I can’t count the number of times a few words shared with a stranger,or a surprise act of kindness, or an anonymous gesture of support have made a difference to me. They have taught me how easy it is to make an impact in the lives of those around us. The smallest acts of kindness can brighten a day. Large gestures aren’t necessary to lift someone out of a painful rut.

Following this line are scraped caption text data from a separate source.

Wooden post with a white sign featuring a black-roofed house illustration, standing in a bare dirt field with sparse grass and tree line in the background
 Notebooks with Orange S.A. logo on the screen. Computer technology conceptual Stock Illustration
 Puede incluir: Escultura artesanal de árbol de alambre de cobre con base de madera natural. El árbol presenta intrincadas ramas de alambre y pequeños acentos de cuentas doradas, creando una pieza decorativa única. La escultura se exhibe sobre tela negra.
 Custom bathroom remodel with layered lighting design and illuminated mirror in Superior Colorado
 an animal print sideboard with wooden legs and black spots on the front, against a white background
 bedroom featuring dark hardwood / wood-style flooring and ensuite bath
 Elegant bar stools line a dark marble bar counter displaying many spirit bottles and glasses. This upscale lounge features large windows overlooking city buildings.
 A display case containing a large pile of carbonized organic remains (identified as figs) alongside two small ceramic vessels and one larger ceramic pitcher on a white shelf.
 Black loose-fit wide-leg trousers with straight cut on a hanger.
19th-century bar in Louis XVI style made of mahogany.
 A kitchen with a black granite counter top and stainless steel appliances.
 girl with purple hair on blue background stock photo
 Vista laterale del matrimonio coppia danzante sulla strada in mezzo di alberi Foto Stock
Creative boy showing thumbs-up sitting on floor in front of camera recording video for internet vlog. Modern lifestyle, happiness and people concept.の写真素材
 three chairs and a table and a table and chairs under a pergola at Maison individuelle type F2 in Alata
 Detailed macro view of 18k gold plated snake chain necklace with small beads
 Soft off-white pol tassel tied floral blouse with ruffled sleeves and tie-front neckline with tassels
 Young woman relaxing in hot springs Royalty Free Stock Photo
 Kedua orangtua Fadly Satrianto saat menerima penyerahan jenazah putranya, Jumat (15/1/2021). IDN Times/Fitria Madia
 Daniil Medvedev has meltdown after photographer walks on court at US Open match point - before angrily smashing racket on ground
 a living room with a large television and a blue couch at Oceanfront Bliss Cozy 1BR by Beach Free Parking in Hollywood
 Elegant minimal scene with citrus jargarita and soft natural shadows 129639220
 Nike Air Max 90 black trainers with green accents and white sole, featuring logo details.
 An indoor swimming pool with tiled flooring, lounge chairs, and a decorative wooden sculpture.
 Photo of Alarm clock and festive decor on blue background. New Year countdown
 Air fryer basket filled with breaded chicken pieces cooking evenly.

If we see the folks around us as human beings, if we discipline ourselves to look with compassionate eyes we can touch and be touched so easily. It can be hard to reach out to someone you don’t know well, or even to someone you do. Often folks often don’t understand acts of generosity without a return for the giver, even if the gift is only a kind word. And it can feel risky to reach out. It can be just as scary to offer kindness as it is to receive it, but truly wonderful things can grow from the little seeds we sow. Instead of waiting to feel compassion – which is a passive stance, decide to be compassionate. Embracing compassion as a discipline instead of a feeling has helped me act with kindness when I couldn’t before. One acts, instead of reacting, in relation to events or people or feelings. Choosing to act instead of reacting is itself centering and calming. People making that choice in a way that helps to build a world where compassion and kindness are not hoped for but expected – that is the world in which I want to live in. It is the world I choose right now.